2.2.6 Ubiquitous Language
The common language is a unified language that can describe business rules and business meanings simply, clearly, and accurately. The value of a common language:
- Solve communication barriers in all positions to ensure the correct expression of business requirements.
- Without a common language, because the business, product, development, and test roles and terms are different, you often run into battle for a long time and end up saying the same thing.
- Without a common language, production, development, and testing often fail to agree, resulting in different content and business needs.
- Common language throughout the design process, can accurately translate business requirements into code.
- Nouns in a common language can generally name domain objects. For example, orders, goods can correspond to an entity in the domain.
- A verb in a common language usually corresponds to an action or domain event.

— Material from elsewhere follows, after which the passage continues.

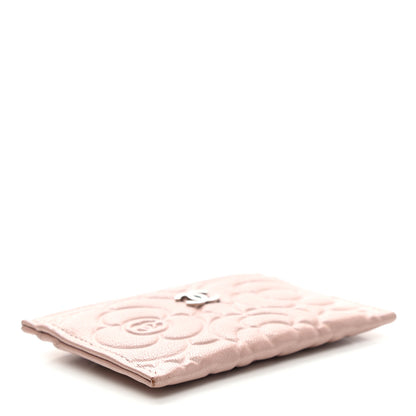 Chanel Goatskin Camellia Embossed Card Holder Light Pink 4 of 12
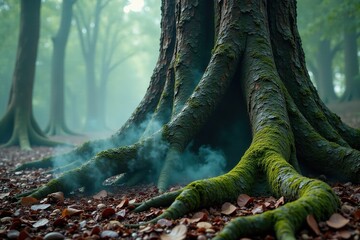 Mist swirls around the base of an ancient, gnarled tree trunk, mist, fog, decay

For example: Order paid, order shipped each corresponds to a domain event.
2.3 Context Map
Context Map describes the overall view of the relationships between systems, including the following relationships:
2.3.1 Shared Kernel
In the e-mall scene, the process of purchasing different types of goods will also be very different. For example, the process of buying and selling physical goods is generally: the buyer pays, the seller delivers goods, and the buyer confirms receipt of goods; The process of buying and selling hotel rooms is generally: buyers pay, sellers reserve rooms, buyers enter, buyers check out statement; The process of buying and selling tourist routes is generally: buyer’s payment, seller’s confirmation and service performance.
Although these business scenarios and transaction processes are quite different, they can reuse the core transaction process together, as shown in the figure below:
Can I not use a shared kernel? Or what are the architectural benefits of sharing a kernel?
- Reuse. The same set of abstract transaction processes can be used to support different scenarios, which can greatly save development costs.
- Extension. If there is no reuse process and each business scenario is developed separately, then if promotions, coupons, packages, etc., are to be supported over a period of time, they need to be developed separately in each business line.
- Maintenance. If a problem is identified in one set of processes that requires iterative optimization, it is likely that the other two will need to be adjusted as well.
In fact, there are many benefits, specific can refer to the advantages of the platform architecture, here is not discussed one by one. The above example is not a pure thought experiment of YY. In my previous work experience, A company engaged in tourism underwent online transformation and encountered the above scenarios at the same time.
In the example above, a shared subset stripped from multiple teams or businesses is a shared kernel.
2.3.2 Customer/Supplier
This is common in distributed development, where the interface Provider is the Supplier(or Provider) and the interface Consumer is the Customer(or Consumer).
2.3.3 Conformist
In some scenarios, the state change of one system (such as: A) will directly affect the results of another system (such as: B), and the state of system B must change after the state change of system A, and such system relationship is called Conformist. For example, if the payment system has completed the payment and the status of the payment order has changed to “Paid”, the order status of the transaction system must also change to “Paid by the buyer”.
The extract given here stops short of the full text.